■ Task to carry out ■
Quote, word for word, only the lines running from the line with "Jeune homme blond" through the end of the listing. Leave out the pictures.

■ Data extract ■

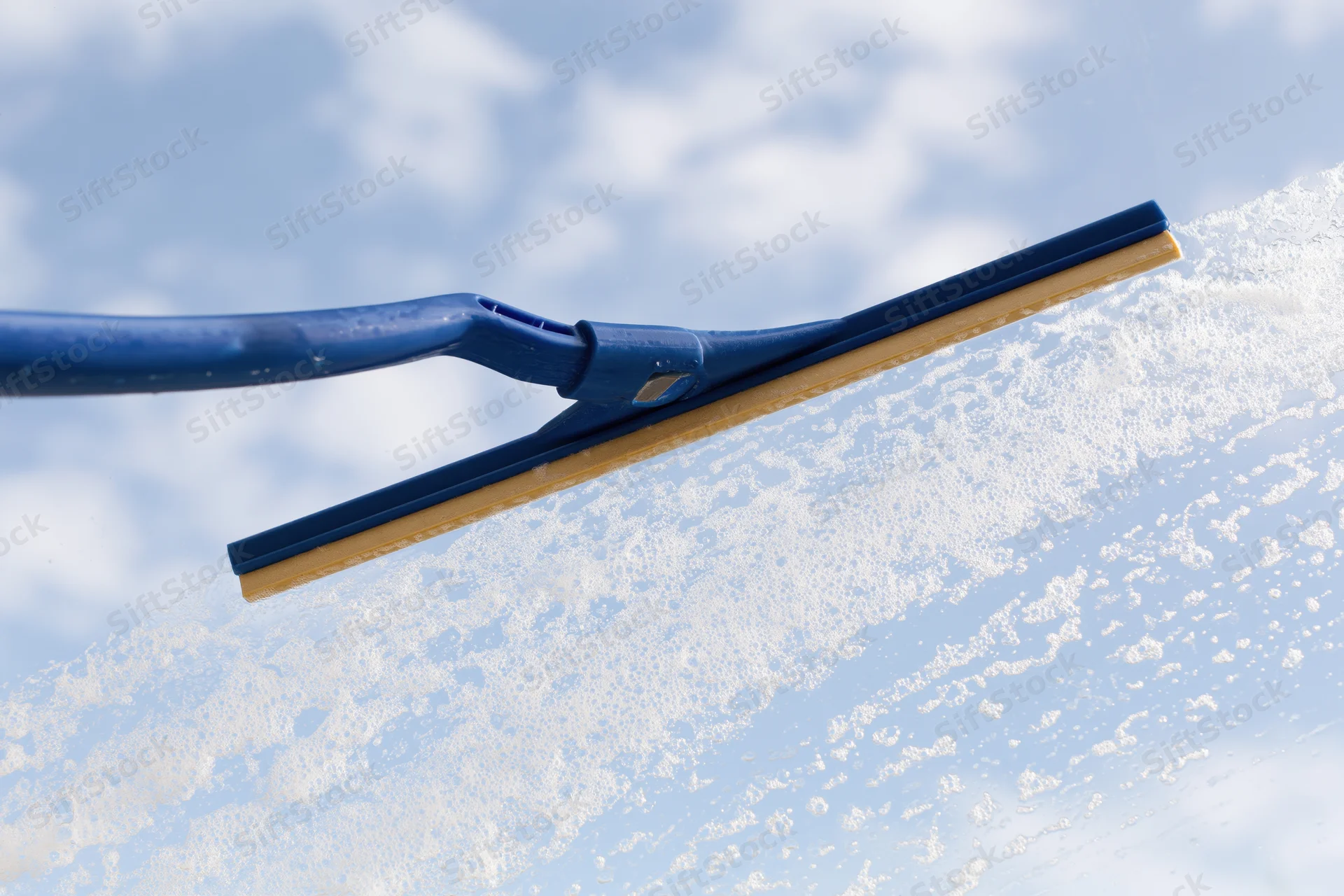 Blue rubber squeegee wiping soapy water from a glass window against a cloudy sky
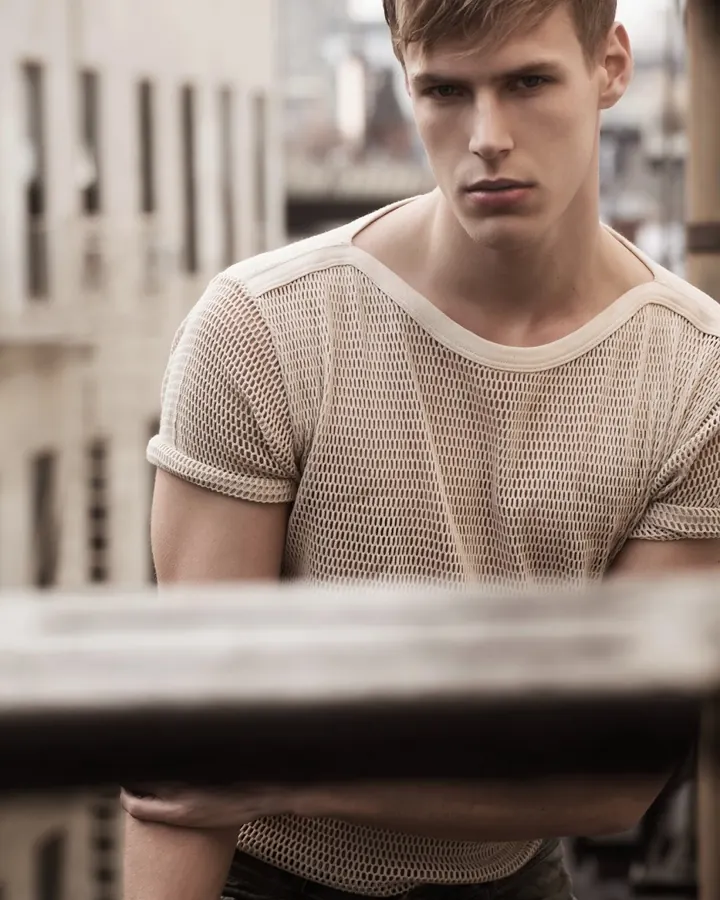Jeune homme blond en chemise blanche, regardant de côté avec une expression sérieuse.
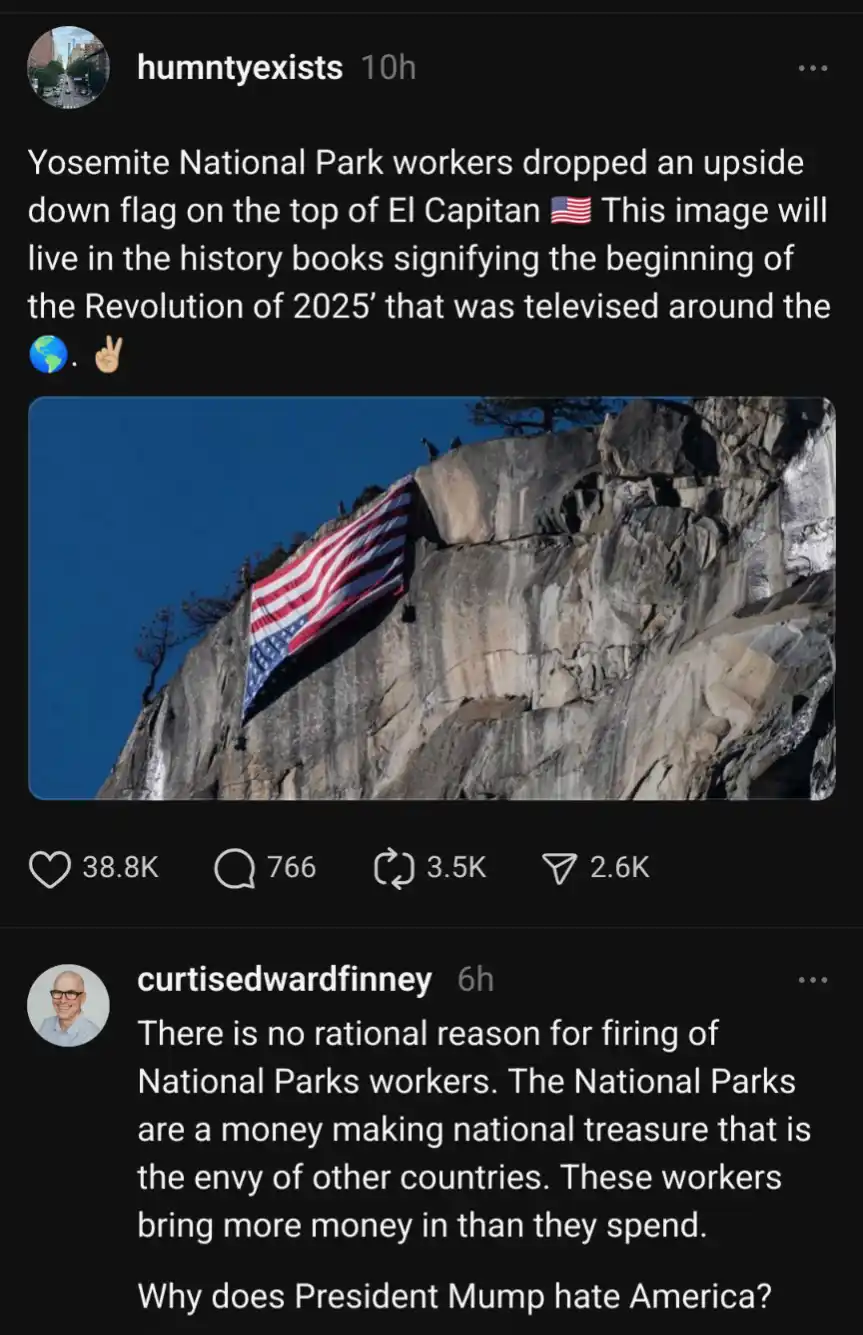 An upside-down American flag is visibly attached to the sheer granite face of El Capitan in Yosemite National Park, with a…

■ Solution to this task ■
Jeune homme blond en chemise blanche, regardant de côté avec une expression sérieuse.
 An upside-down American flag is visibly attached to the sheer granite face of El Capitan in Yosemite National Park, with a…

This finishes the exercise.